[[ Dataset open ]]

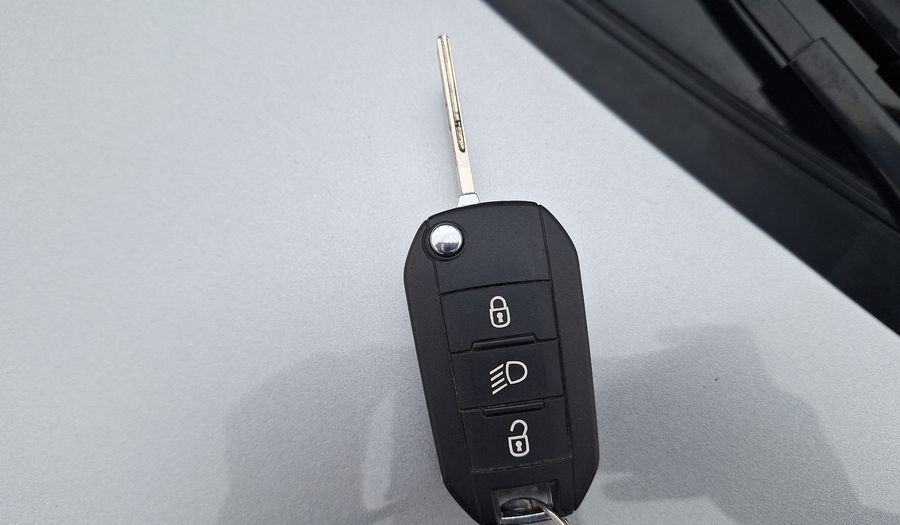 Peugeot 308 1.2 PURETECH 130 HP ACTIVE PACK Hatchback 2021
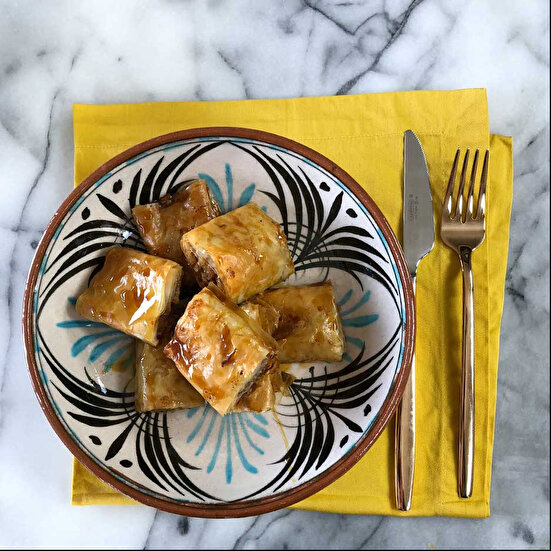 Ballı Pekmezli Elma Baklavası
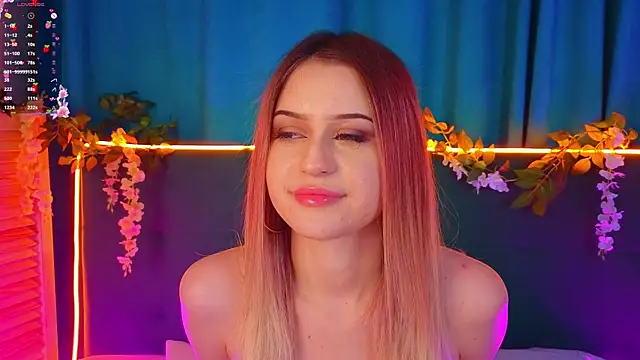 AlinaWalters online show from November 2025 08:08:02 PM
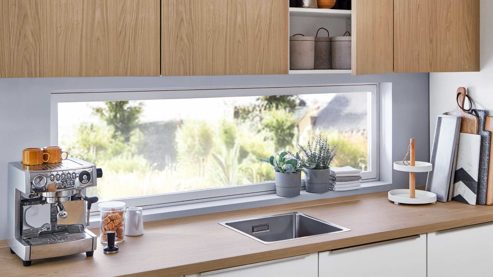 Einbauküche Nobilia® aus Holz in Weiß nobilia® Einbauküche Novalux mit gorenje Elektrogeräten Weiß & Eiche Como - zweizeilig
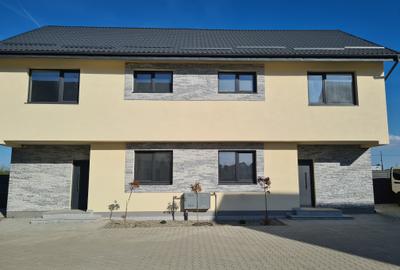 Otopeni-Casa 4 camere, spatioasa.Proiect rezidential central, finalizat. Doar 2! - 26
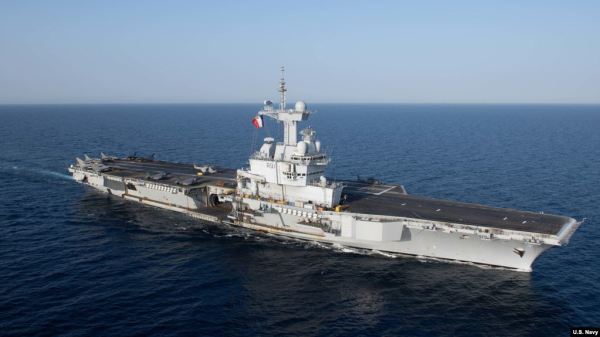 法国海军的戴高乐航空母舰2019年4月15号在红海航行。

[[ Dataset closed ]]
[[ Dataset open ]]

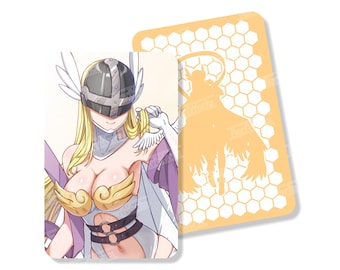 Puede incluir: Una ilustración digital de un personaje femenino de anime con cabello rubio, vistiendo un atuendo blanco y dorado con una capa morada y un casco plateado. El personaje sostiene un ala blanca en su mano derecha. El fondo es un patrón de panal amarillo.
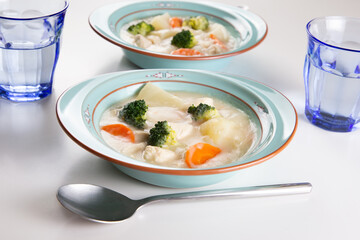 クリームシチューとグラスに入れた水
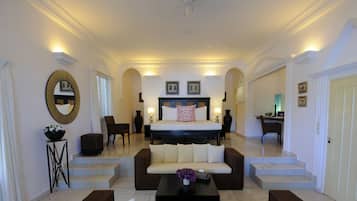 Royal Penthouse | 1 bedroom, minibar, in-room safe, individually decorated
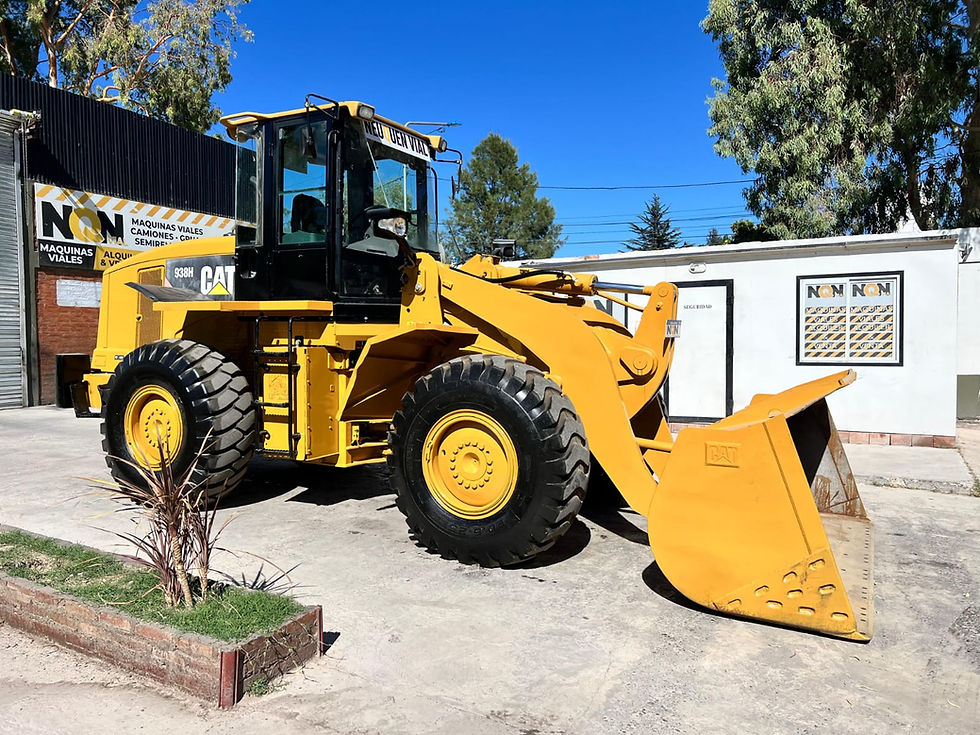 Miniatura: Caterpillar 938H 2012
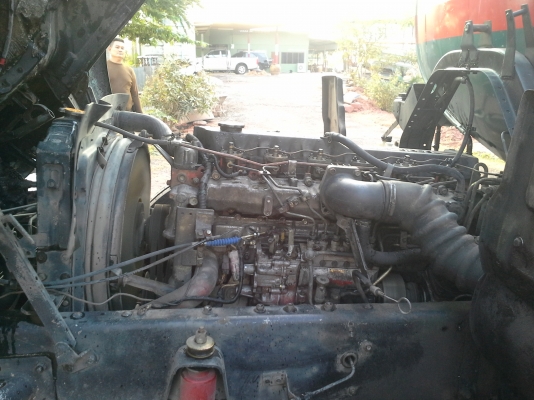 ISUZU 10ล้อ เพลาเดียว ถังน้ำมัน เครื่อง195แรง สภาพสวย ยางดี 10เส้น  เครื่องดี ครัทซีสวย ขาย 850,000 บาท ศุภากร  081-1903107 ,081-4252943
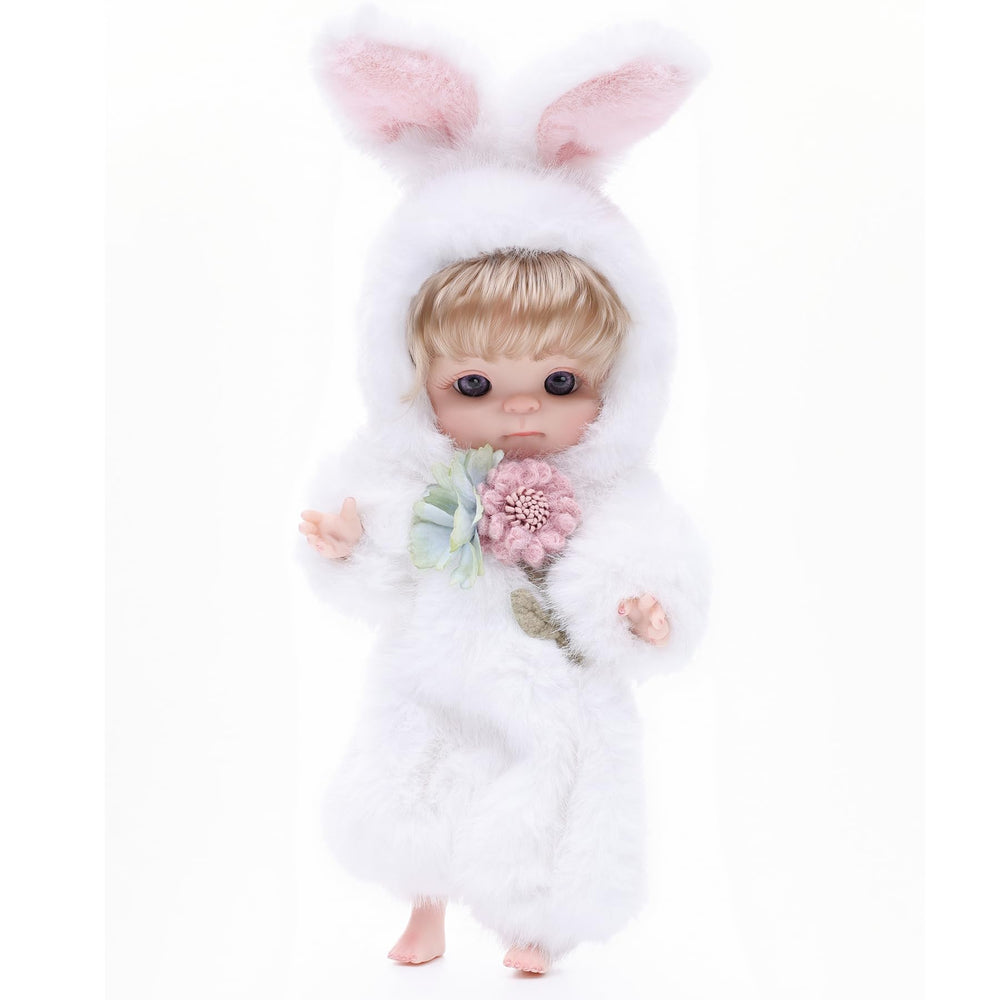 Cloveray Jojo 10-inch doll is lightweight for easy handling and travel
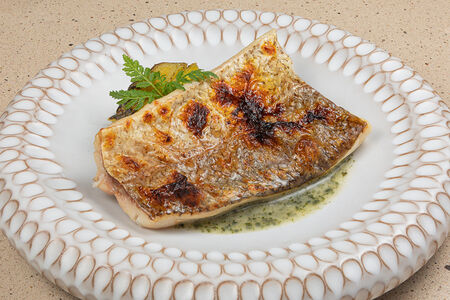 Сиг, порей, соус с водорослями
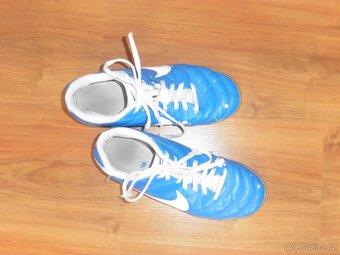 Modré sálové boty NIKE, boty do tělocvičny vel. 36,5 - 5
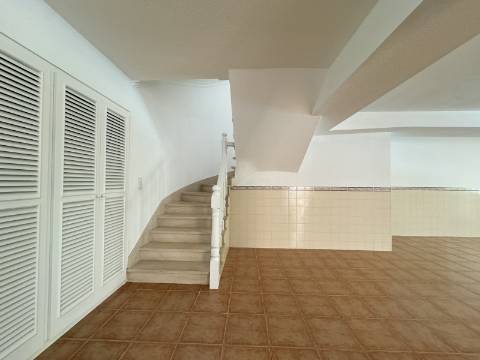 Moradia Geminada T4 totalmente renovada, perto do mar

[[ Dataset closed ]]
[[ Dataset open ]]

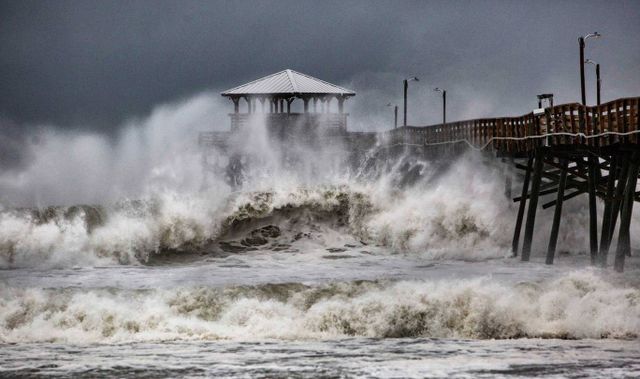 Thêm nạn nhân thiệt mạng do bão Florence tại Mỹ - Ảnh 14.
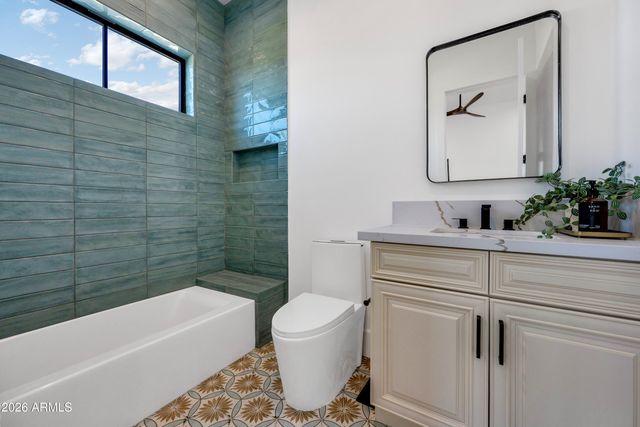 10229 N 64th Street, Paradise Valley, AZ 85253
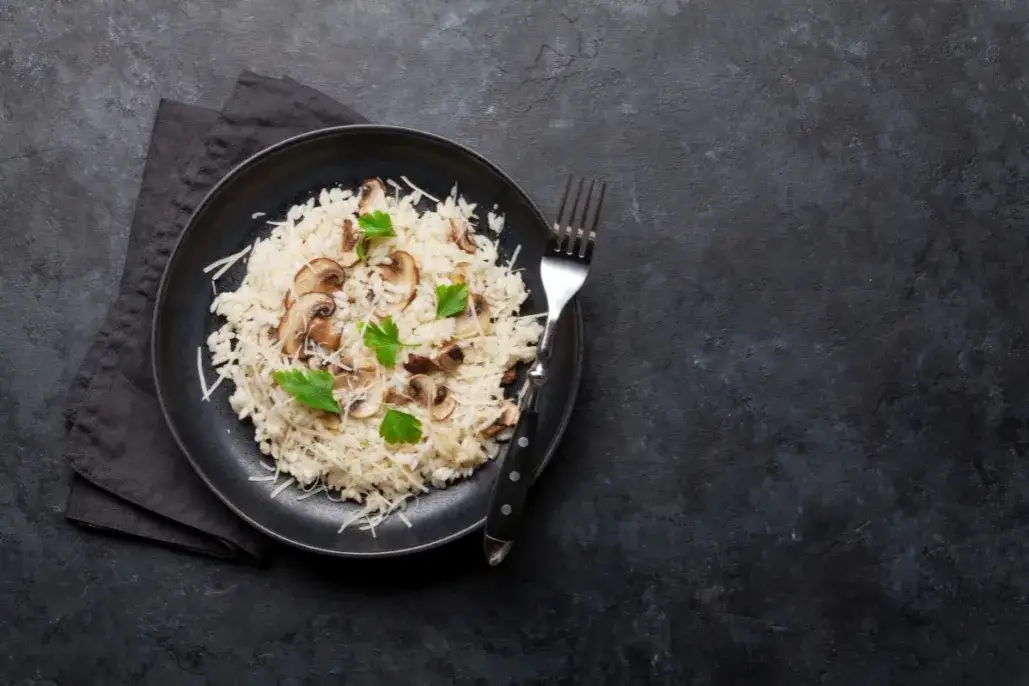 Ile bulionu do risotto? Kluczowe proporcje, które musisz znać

[[ Dataset closed ]]

◆ Task instructions:
Copy out exactly the lines above beginning with the line that contains "Peugeot 308 1.2" and finishing with the line that contains "Einbauküche Nobilia® aus", including both; leave the pictures out.

◆ Response below:
 Peugeot 308 1.2 PURETECH 130 HP ACTIVE PACK Hatchback 2021
 Ballı Pekmezli Elma Baklavası
 AlinaWalters online show from November 2025 08:08:02 PM
 Einbauküche Nobilia® aus Holz in Weiß nobilia® Einbauküche Novalux mit gorenje Elektrogeräten Weiß & Eiche Como - zweizeilig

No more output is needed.